What is needed: Pull out every line below holding the word "Black".

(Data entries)

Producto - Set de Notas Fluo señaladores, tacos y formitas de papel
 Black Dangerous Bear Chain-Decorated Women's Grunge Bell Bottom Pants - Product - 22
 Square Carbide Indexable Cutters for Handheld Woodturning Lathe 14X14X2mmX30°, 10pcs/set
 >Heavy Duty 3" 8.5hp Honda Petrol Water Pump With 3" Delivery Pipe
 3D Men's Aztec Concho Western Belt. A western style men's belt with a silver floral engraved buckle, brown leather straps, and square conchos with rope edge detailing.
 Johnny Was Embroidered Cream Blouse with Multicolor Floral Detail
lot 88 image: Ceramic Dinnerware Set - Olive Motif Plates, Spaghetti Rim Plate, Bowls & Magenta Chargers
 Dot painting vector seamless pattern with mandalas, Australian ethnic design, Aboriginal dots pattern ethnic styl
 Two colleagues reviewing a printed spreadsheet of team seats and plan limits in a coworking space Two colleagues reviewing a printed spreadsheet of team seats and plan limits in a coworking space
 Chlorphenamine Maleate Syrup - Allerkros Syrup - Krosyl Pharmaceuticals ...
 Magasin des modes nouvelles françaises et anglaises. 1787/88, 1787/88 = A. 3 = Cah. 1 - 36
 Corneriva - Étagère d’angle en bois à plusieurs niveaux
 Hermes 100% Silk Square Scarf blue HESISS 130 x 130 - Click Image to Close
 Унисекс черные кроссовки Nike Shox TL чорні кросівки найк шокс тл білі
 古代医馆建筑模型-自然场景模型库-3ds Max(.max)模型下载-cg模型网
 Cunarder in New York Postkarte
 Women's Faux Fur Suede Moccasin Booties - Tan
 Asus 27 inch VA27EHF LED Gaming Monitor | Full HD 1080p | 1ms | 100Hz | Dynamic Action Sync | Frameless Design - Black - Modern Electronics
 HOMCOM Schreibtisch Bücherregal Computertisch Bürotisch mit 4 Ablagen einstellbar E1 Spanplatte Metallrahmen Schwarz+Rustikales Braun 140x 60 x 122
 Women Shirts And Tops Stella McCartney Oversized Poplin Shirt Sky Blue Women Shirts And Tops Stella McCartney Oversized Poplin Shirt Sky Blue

Solution for this problem:
 Black Dangerous Bear Chain-Decorated Women's Grunge Bell Bottom Pants - Product - 22
 Asus 27 inch VA27EHF LED Gaming Monitor | Full HD 1080p | 1ms | 100Hz | Dynamic Action Sync | Frameless Design - Black - Modern Electronics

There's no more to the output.